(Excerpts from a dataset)
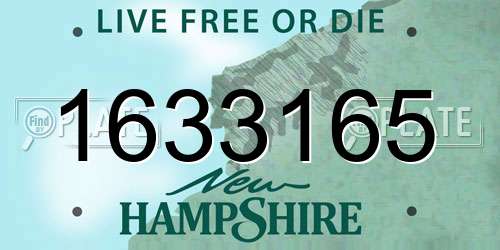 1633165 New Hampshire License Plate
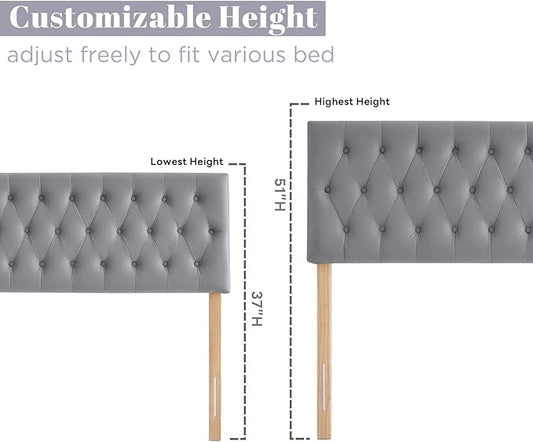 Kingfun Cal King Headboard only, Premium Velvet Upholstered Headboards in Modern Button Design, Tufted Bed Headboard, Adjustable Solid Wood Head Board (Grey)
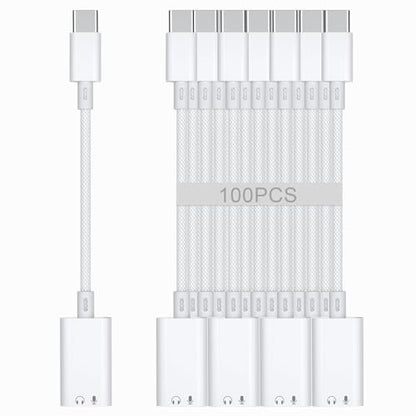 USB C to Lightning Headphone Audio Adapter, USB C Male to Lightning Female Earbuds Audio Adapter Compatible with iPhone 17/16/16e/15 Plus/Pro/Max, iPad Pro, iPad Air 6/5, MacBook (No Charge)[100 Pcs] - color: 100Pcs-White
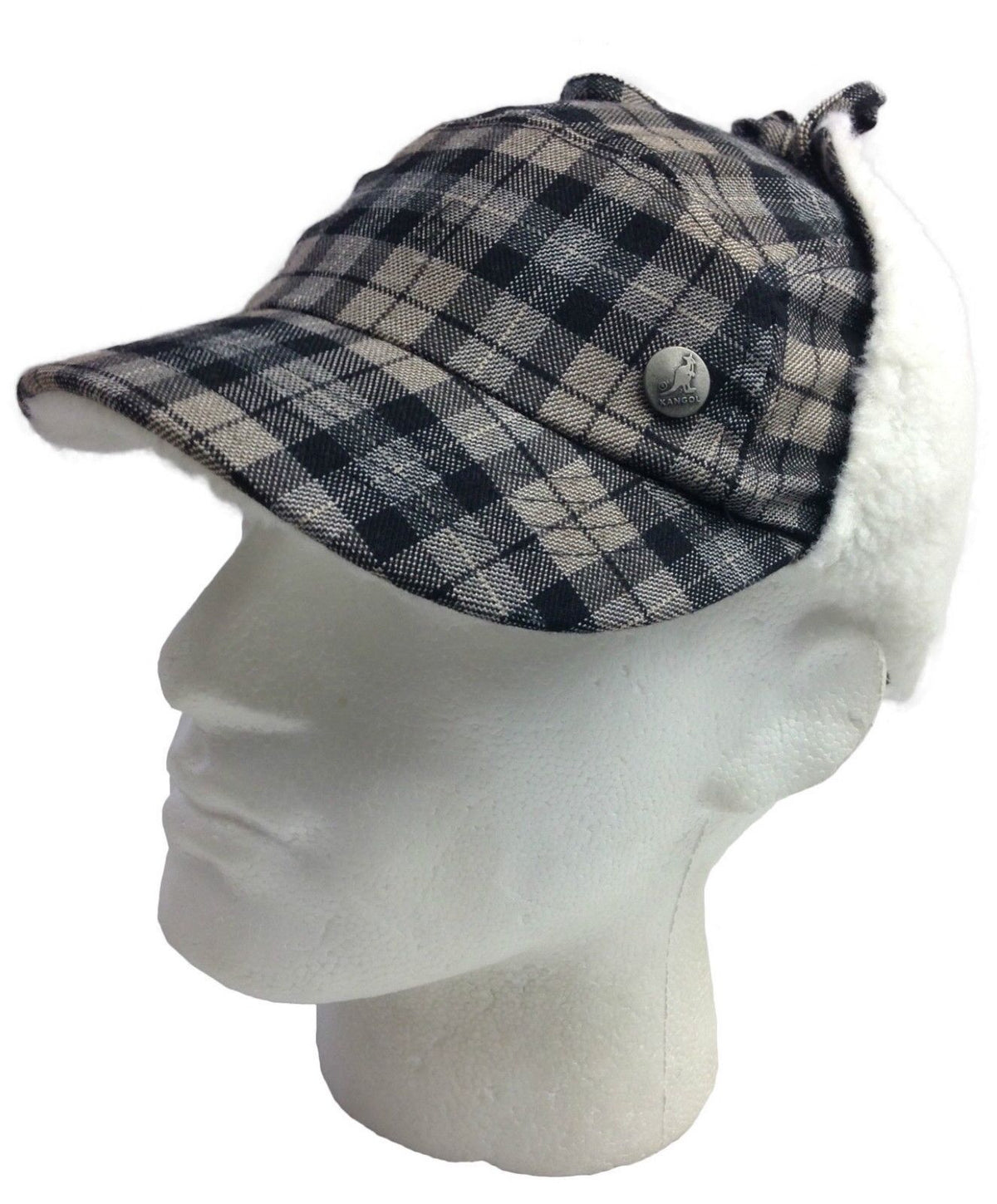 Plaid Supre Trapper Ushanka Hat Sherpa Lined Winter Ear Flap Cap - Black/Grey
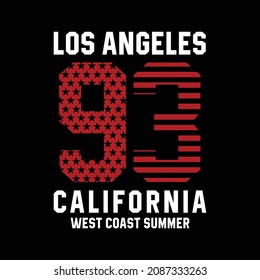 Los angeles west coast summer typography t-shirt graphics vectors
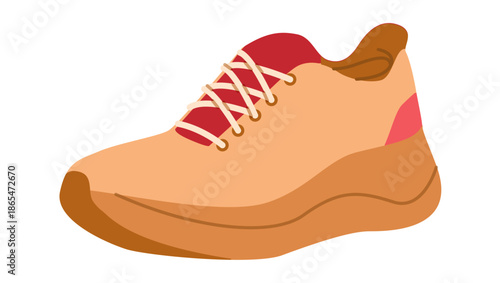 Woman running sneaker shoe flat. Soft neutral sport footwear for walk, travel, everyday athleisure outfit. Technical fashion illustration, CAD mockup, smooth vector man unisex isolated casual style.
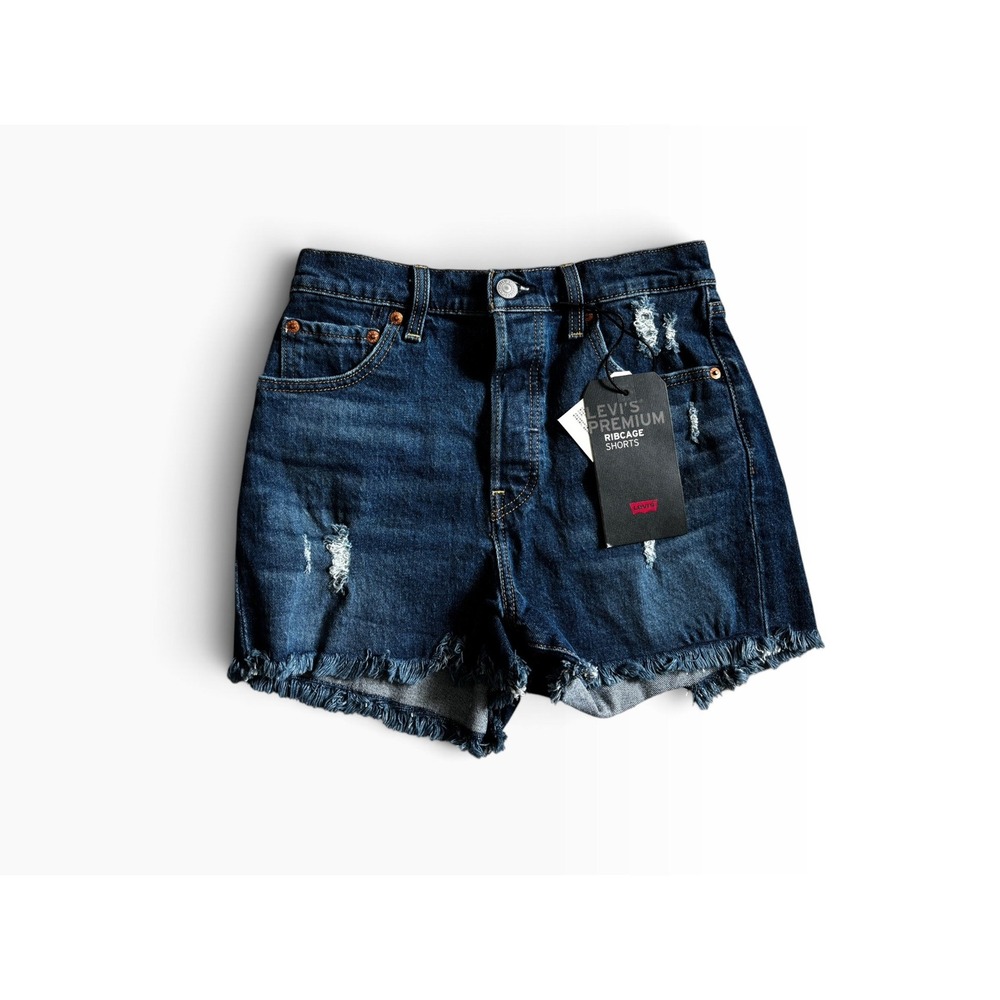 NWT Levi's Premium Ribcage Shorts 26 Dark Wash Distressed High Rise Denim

_Task description_
An exact copy of the entries above is required; pictures are not part of it.

_Response_
 1633165 New Hampshire License Plate
 Kingfun Cal King Headboard only, Premium Velvet Upholstered Headboards in Modern Button Design, Tufted Bed Headboard, Adjustable Solid Wood Head Board (Grey)
 USB C to Lightning Headphone Audio Adapter, USB C Male to Lightning Female Earbuds Audio Adapter Compatible with iPhone 17/16/16e/15 Plus/Pro/Max, iPad Pro, iPad Air 6/5, MacBook (No Charge)[100 Pcs] - color: 100Pcs-White
 Plaid Supre Trapper Ushanka Hat Sherpa Lined Winter Ear Flap Cap - Black/Grey
 Los angeles west coast summer typography t-shirt graphics vectors
 Woman running sneaker shoe flat. Soft neutral sport footwear for walk, travel, everyday athleisure outfit. Technical fashion illustration, CAD mockup, smooth vector man unisex isolated casual style.
 NWT Levi's Premium Ribcage Shorts 26 Dark Wash Distressed High Rise Denim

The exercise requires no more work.